リヨンに初雪が降った。
ちょっとホッとした。
昨日の学校の帰り道でのこと。
「寒いね〜」といいながら私は娘と、同級生のジュリアナ、弟アミンの手をひいて歩いていた。
ジュリアナが「明日雪が降るって本当? 」と尋ねた。
「うん、この寒さだときっと降るね」と答えたのだが、
「Tu mens テュ モン (嘘ついてる)」
突然シビアなコメントを受け、何のことかわからなかった私。
「えっ何で?」
彼女は娘にひそひそ耳打ち。
娘が解説してくれた。
「これまでにも、誰かが” 明日はきっと雪が降るよ”って言うのを何回もきいたけど、次の日に本当に雪が降ったことがなかったからだって」
6歳のジュリアナは5人兄弟の3番目。お父さんはマヨットで外交に従事しており、年に数回フランスに来るときと夏休みだけ家族と過ごす。お父さんの来仏はいつも直前でないとわからない。来ると言っていて結局来なかったこともある。
お母さんの携帯のホーム画面にはジュリアナのおばあちゃんが南国ファッションで微笑んでいる。13歳のお兄ちゃんと10歳のお姉ちゃんはマヨットで生まれた。
「マヨットには教育機関が少ないから、子どもたちが高校や大学に進学できるようにフランス本土に来たの」
とお母さんは言う。
初めはマヨットがどこにあるのかもよくわかっていなかった私だが、アフリカ大陸南東にあるフランスの海外県で、インド洋コモロ諸島に属する島である。マダガスカル島からも近い。サンゴ礁の美しい海に白い砂浜。シーラカンスも生息しているらしい。

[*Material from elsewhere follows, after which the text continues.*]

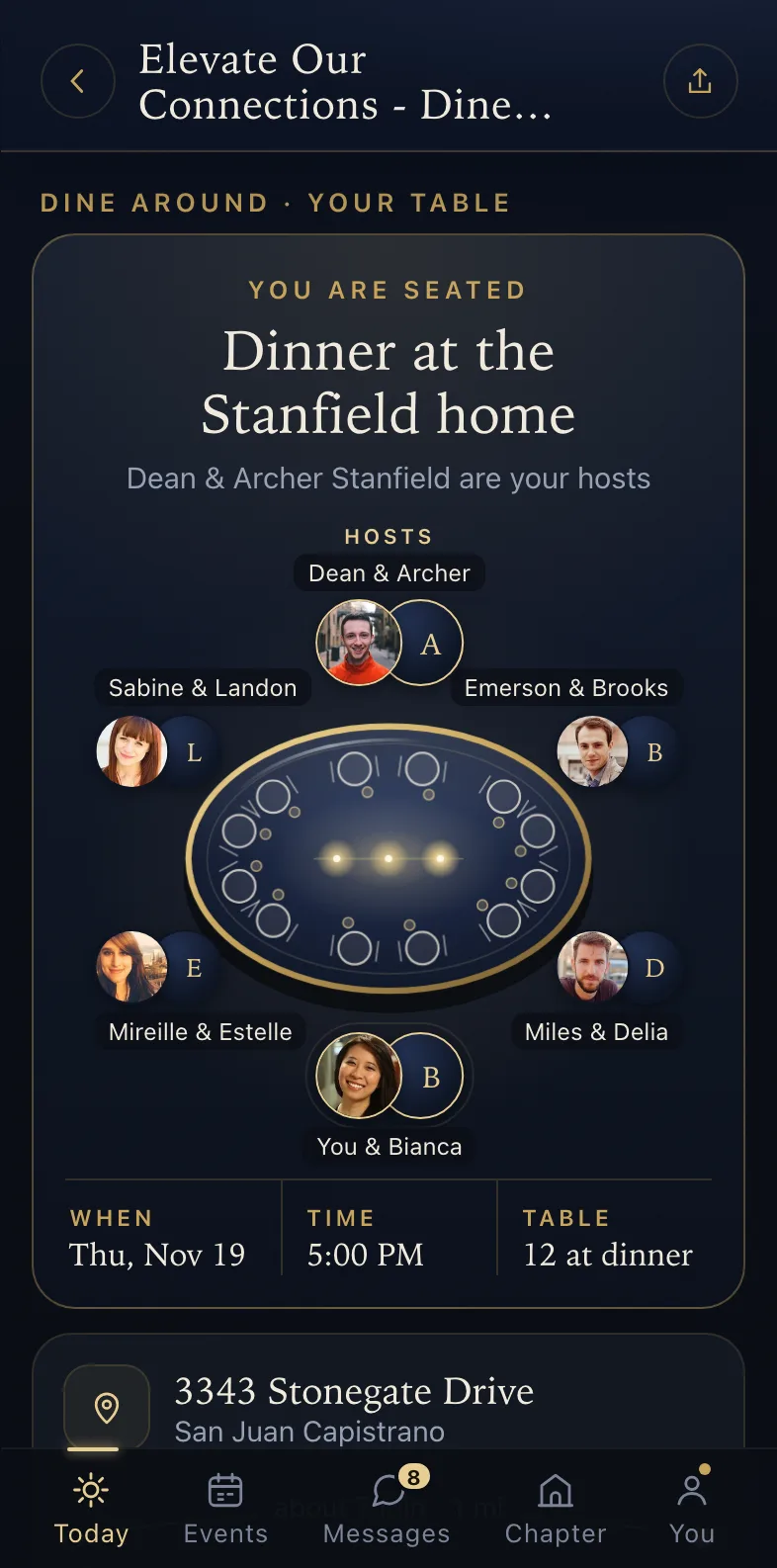 A member's phone - their table drawn from above with every household in its place, the hosts, the time and how many are at dinner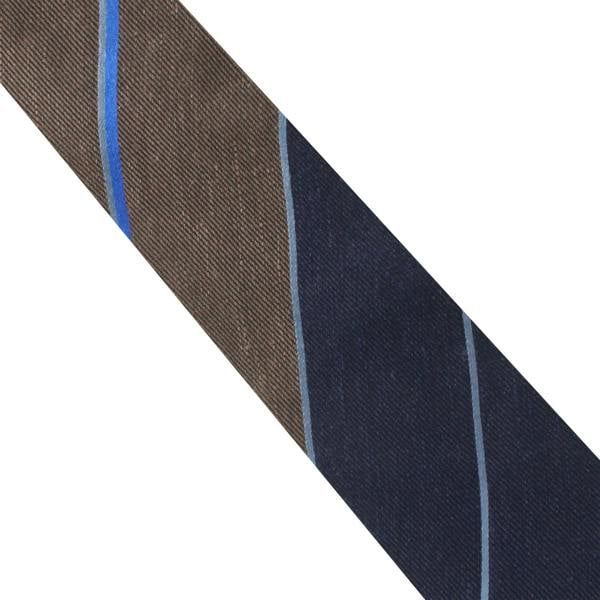 Dunhill luxurious wool and silk blend tie in a block stripe pattern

周辺のコモロ諸島はフランスからの独立国家であるが、マヨット住民はフランス残留を選んだ。フランスからの援助によりマヨットの生活水準はコモロ領の島々よりもかなり高い。
マヨットには近隣諸島から多くの移民が押し寄せる。マヨットで滞在許可を取れば、フランス本土への移住もしやすくなるからだ。
ジュリアナのおばあちゃんはコモロ語のマヨット方言であるマオレ(Maore)語を話す。フランス語は話せないので、おばあちゃんと話ができるようにお母さんが子供達にマオレ語を教えているが、フランスに暮らしながらでは、なかなか身につかないようだ。
ここ数日でリヨンはぐっと冷え込んだ。
ジュリアナのお母さんが手術をして自宅安静のため、1週間ほど娘の通学ついでに彼女の幼い子供達の送り迎えをしている。
ジュリアナの姉、イエルナは10歳だが学年を飛び級して中学校に通っている。しっかり者で、お母さんの手術後はおチビさんたちをお風呂に入れたり着替えさせたり、小さなお母さんとして頑張っている。お兄ちゃんのダリルも、妹イエルナがあまりにもしっかりしていて周囲には彼女の弟と勘違いされつつ、買い物やら、妹弟のお散歩などお手伝いしている。
子供達のお父さんは2週間ほどリヨンに来るそうだが、一体何日に着くのか誰も知らない。一度お会いしたことがあるが、子煩悩で太陽のように朗らかな人だ。家族のために仕事熱心なのもわかる。でも奥さんが大変な時なのだから仕事は後回しですぐに来ればいいのに。
そして彼女には、子供達を旦那様に任せて、できることなら寒いリヨンではなく故郷のマヨットでゆっくり静養してほしい。
そんなことを考えつつ、今日は雪のぬかるみに足を入れたがる子供達にふりまわされながらどうにか彼らの家に到着。
ドアを開けると玄関にスーツケースが。
「何にも連絡がなくて、今日いきなり到着したんです」とジュリアナのお母さんは半分あきれ顔だったが、とりあえずホッとした表情。
太陽のように丸顔で朗らかな旦那様が出て来て、娘に挨拶。
「こんにちは。私は、ダリル、イエルナ ジュリアナ、アミン ファティマのパパです。」
そして、おもむろにほうきを手にすると、玄関前の落ち葉掃きを始めた。
しばらくお母さんは家事育児をお任せして休養できそうだ。
「ちゃんと雪も降ったし、お父さんもきたし、よかったね」と言いながら娘と帰宅すると、うちの夫がテレビで天気予報を見ていた。
まだまだ寒い日々が続きそうだが、明日はとりあえず晴天の模様。